Your instructions
Your copy runs from the line containing "Beige notebook on a light gray background" through the last line of the listing, both included. Restate those lines word for word and leave out pictures.

Given data
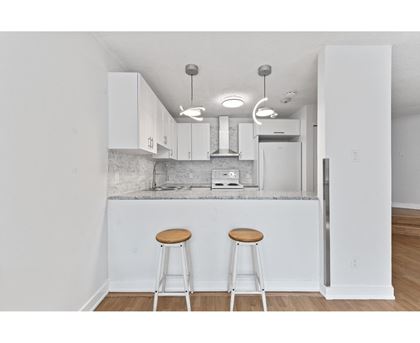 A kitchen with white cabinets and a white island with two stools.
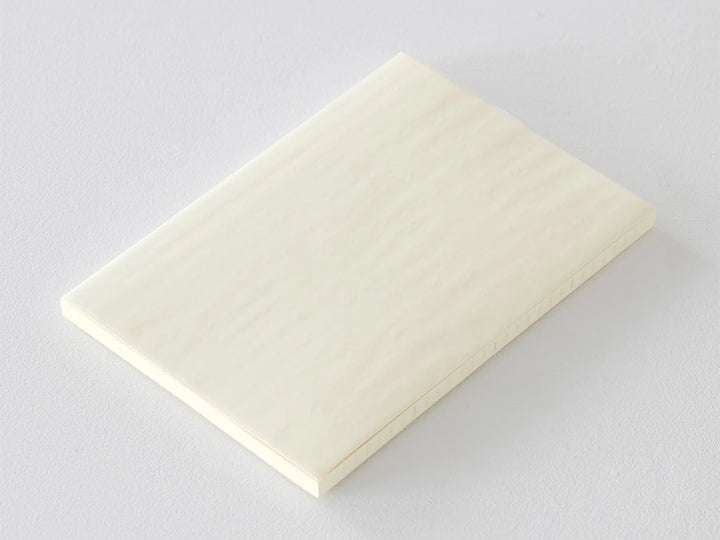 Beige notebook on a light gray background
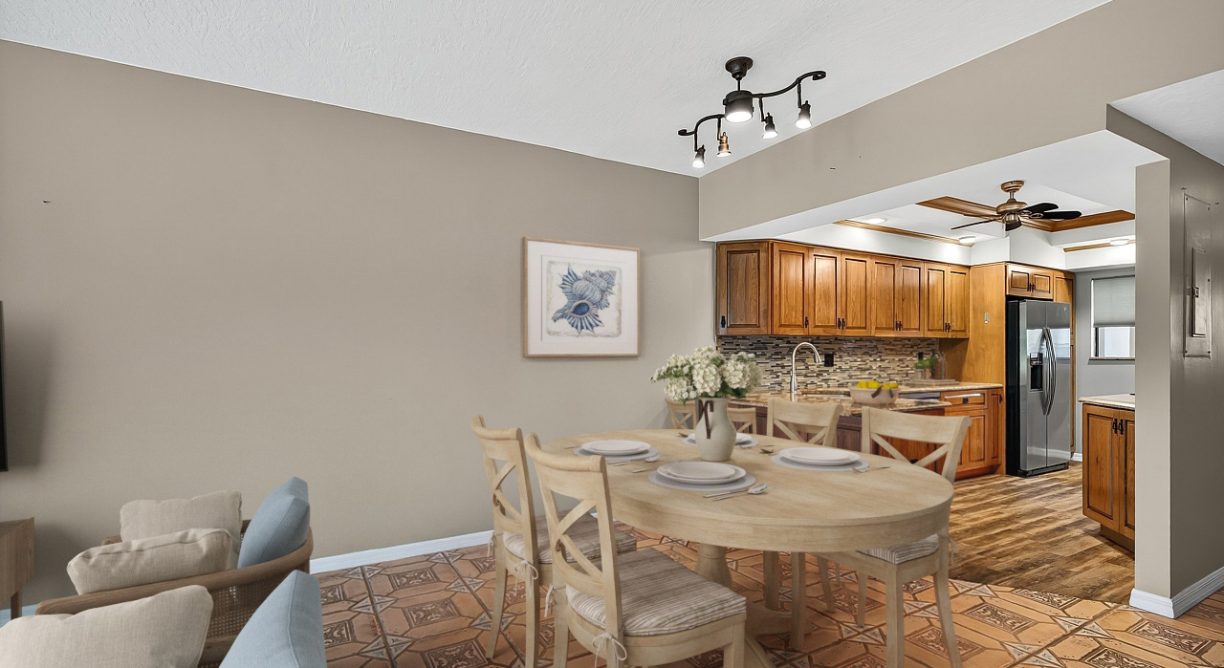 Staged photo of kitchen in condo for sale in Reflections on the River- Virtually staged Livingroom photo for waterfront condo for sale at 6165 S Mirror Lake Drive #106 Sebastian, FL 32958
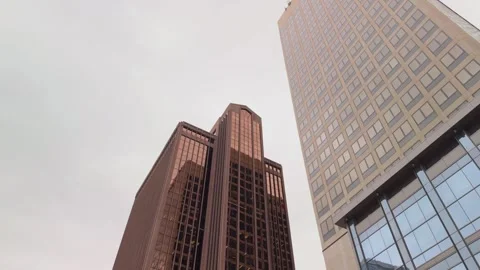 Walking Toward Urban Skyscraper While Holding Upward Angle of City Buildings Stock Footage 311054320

Exercise output
 Beige notebook on a light gray background
 Staged photo of kitchen in condo for sale in Reflections on the River- Virtually staged Livingroom photo for waterfront condo for sale at 6165 S Mirror Lake Drive #106 Sebastian, FL 32958
 Walking Toward Urban Skyscraper While Holding Upward Angle of City Buildings Stock Footage 311054320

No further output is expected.